Brazil’s president Lula de Silva mentioned instating a law that would punish speech designed as misinformation. Do you think it’s wise to place the power of judging what is and is not ‘fake news’ into the hands of those in power? How do you feel that might affect your work?
I think it’s necessary to differentiate the political initiative from calling for a regulatory effort on who will exercise that power. Autocrats don’t need big legislative debates about disinformation to implement censorship. Bolsonarism itself, which on the one hand was a defender of freedoms by rejecting laws such as “fake news,” on the other hand interfered politically in state bodies, historically independent of governments, to restrict the circulation of information and attack opponents.
Government-led surveillance of the media doesn’t need new laws to kick in — and it’s clear that it has the potential to destroy the foundation of my work and the foundation of our democratic society. But, in proposing some regulation on disinformation, we’re not talking about a superficial solution. We’re talking about a necessary debate in the face of a new reality, a very harmful one, which no one has discovered the formula to deal with. This debate involves the checks and balances of democracy, where there are judges, higher courts, the possibility of surveillance by the legislative power and follow-up by independent bodies. Not facing the challenge of regulation is only in the interests of the big platforms’ business model – and we’re witnessing how this virtual “anything goes” can have consequences in the real world.

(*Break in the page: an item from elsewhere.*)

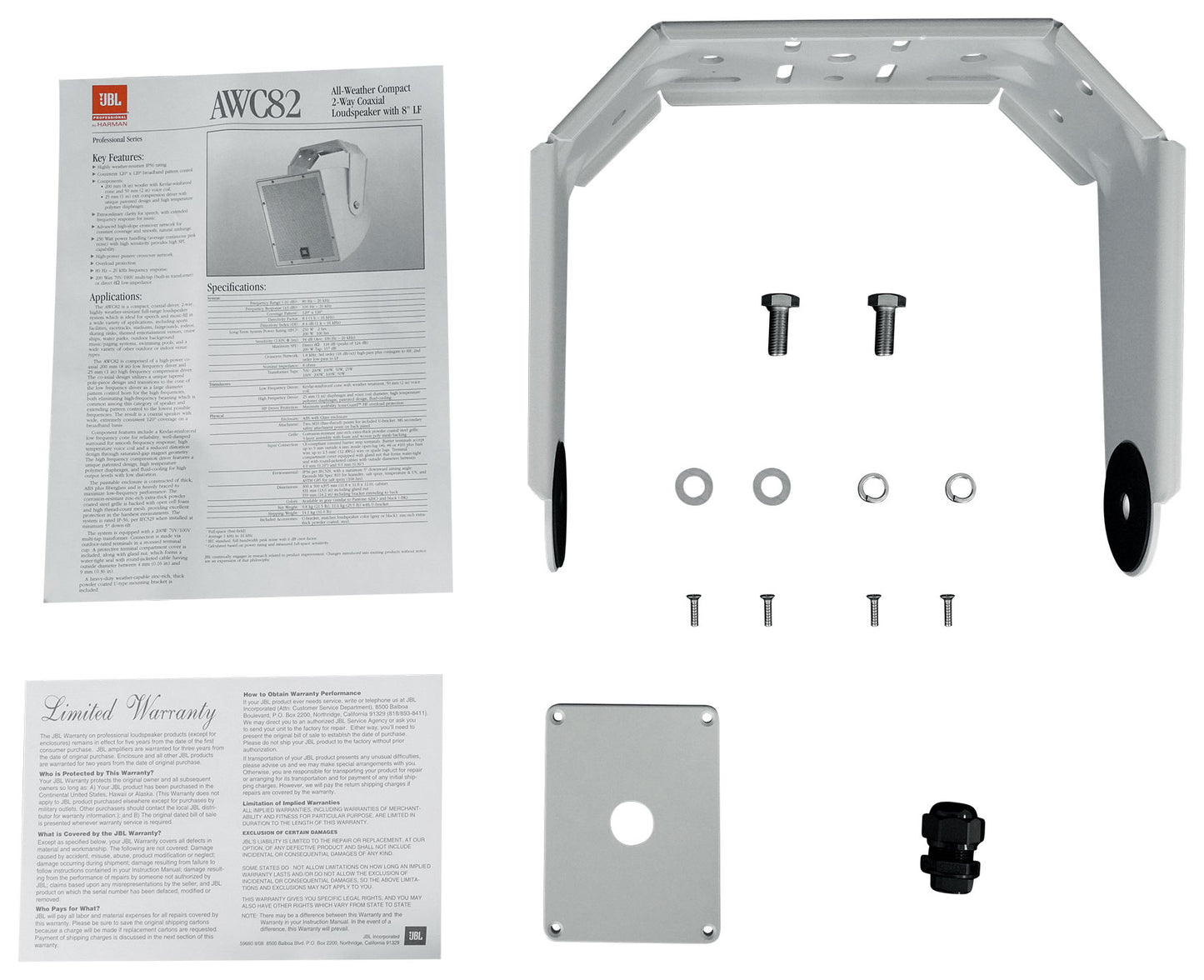 (4) JBL AWC82 8" 200w Indoor/Outdoor 70V Surface Mount Commercial Speakers+Amp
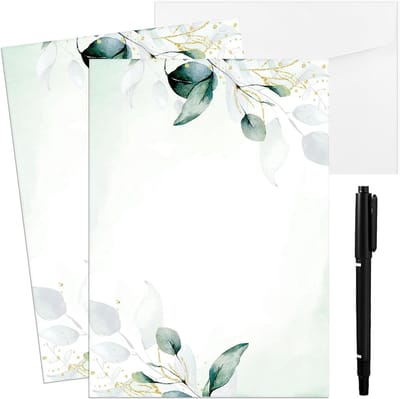 Allecta - Blanco Kaarten met Patroon en Enveloppen - Eucalyptusbladeren - Markeerset - Bruiloft, Verjaardag, Groet - 20 stuks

As you finished the project, did you feel hopeful for the future of politics in Brazil, and around the globe? Or, is there a sense that our disconnection from one another, and attachment to an internet full of pointed algorithms, has taken us too far to return to a more human approach to our disagreements?
It’s difficult to spend two years immersed in the parallel and violent reality of the extreme right, realizing how widespread this discourse is in Brazilian society, and leaving feeling hopeful. The electoral defeat may not have reduced mobilization capacity, just look at the large number of elected parliamentarians who appealed to the same distortions, using these algorithms. So, I think the next few years will still be quite turbulent.
But just like chasing stories is what moves me, listening to them, understanding them, being surprised by them is what transforms me. I still believe that, in the same way that falsified narratives hijacked public debate, a joint effort of education, communication and discoveries can give us back the coexistence with the different.